Exotic Silicon has a detailed exploration of how and why to make long term backups.

The myth...

When thinking about data backup, many people have tended to fixate on the possibility of a crashed hard disk, and in modern times, a totally dead SSD. It's been the classic disaster scenario for decades, assuming that your office doesn't burn down overnight. You sit down in front of your desktop in the morning, and it won't boot. As you reach in to fiddle with SATA cables and clean connections, you realise that the disk isn't even spinning up.

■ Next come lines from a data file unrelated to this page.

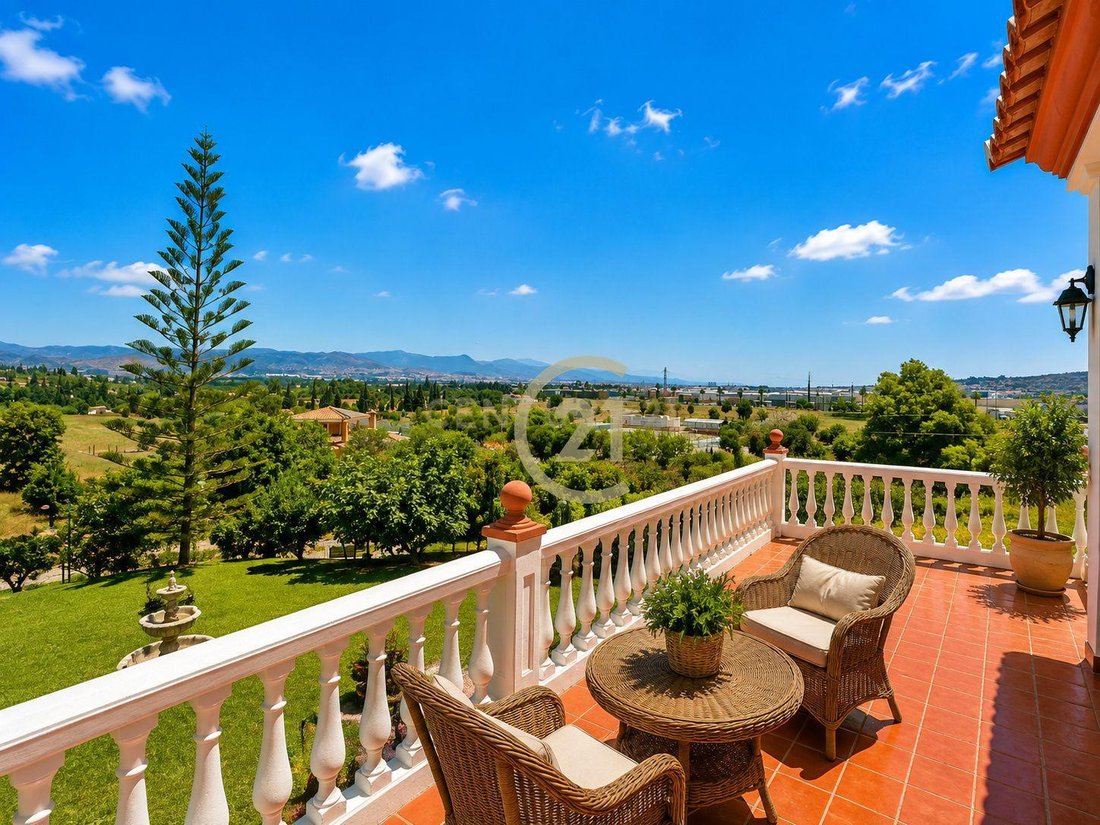 Villa in Alhaurin de la Torre, Andalusia, Spain 1 - 18622505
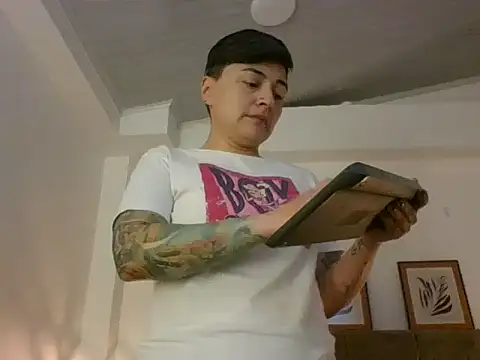 kat paradise online show from 03.15.26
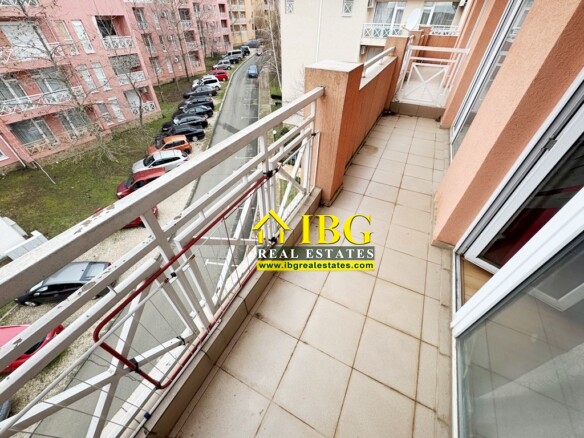 Reduced Price! Spacious Studio Easily Convertible into a 1-Bedroom | Sunny Day 6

Maybe you knew enough to try a couple of short, sharp, ninety degree twists in the plane of the platters, in case it was caused by stiction. But sooner or later, reality dawns, and it becomes clear that the disk will never spin again. It, along with your data, is gone forever. So a couple of full back-ups at regular intervals should suffice, right?

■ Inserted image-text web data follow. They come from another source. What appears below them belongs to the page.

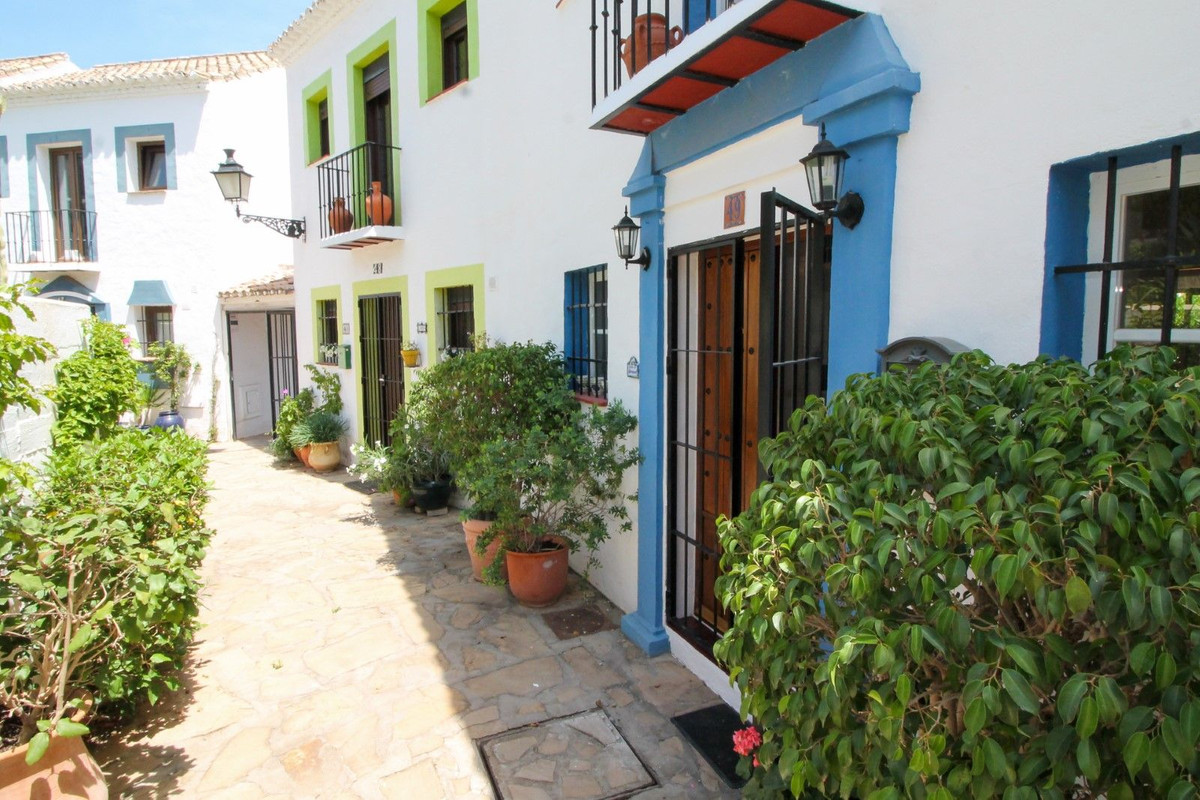 https://cdn.resales-online.com/public/l0vq491cr1/properties/55aaf47cedaa11edb6600217bc231ef4/w1200/19-d0ed7da2012a09046d307c195d98e7d6.jpg?v=1683559834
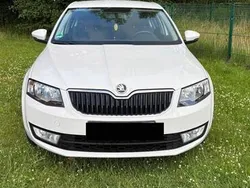 Weiß Gebraucht 2014 Skoda Octavia Limousine | 9.800 € (Fairer Preis)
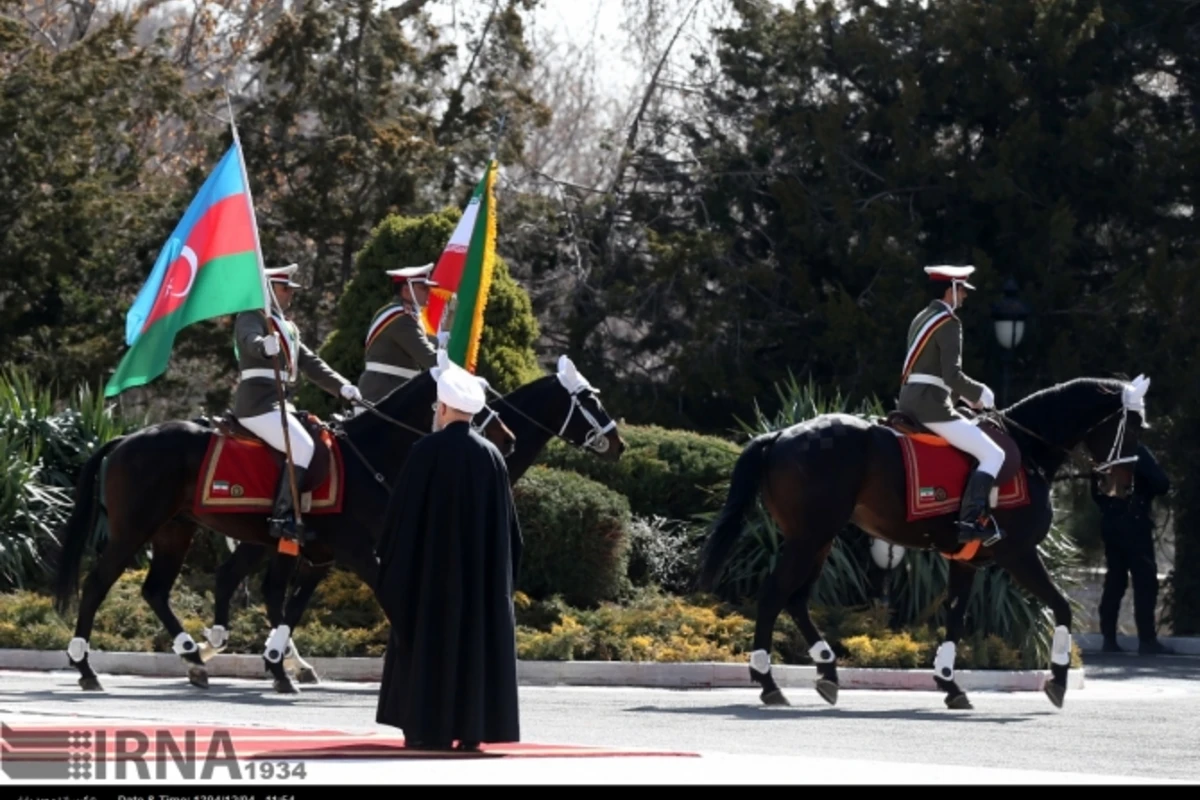 İlham Əliyev prezident sarayına süvari dəstəsinin müşayiəti ilə gəldi (FOTO, VİDEO)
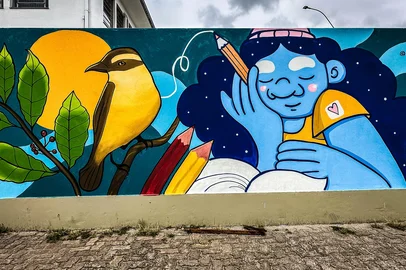 Projeto Viva Perifa leva grafite e arte às escolas afetadas pela enchente em São Leopoldo. Na foto, a Escola Rui Barbosa<!-- NICAID(15986042) -->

Except that isn't how it usually happens - most likely you'll be calling on your backups for some other reason.

The reality...

Aside from the fact that when modern SSDs fail they often remain readable, I.E. they become read-only, your data is much more likely to be at risk from silent corruption over time or overwritten due to operator error.

Silent corruption can happen for reasons ranging from bad SATA cables and buggy SSD firmware, to malware and more. Operator error might go genuinely un-noticed, or be covered up.

Both of these scenarios can be protected against with an adequate backup strategy, but the simple approach of a regular, full backup, (which also often goes untested), in many cases just won't suffice.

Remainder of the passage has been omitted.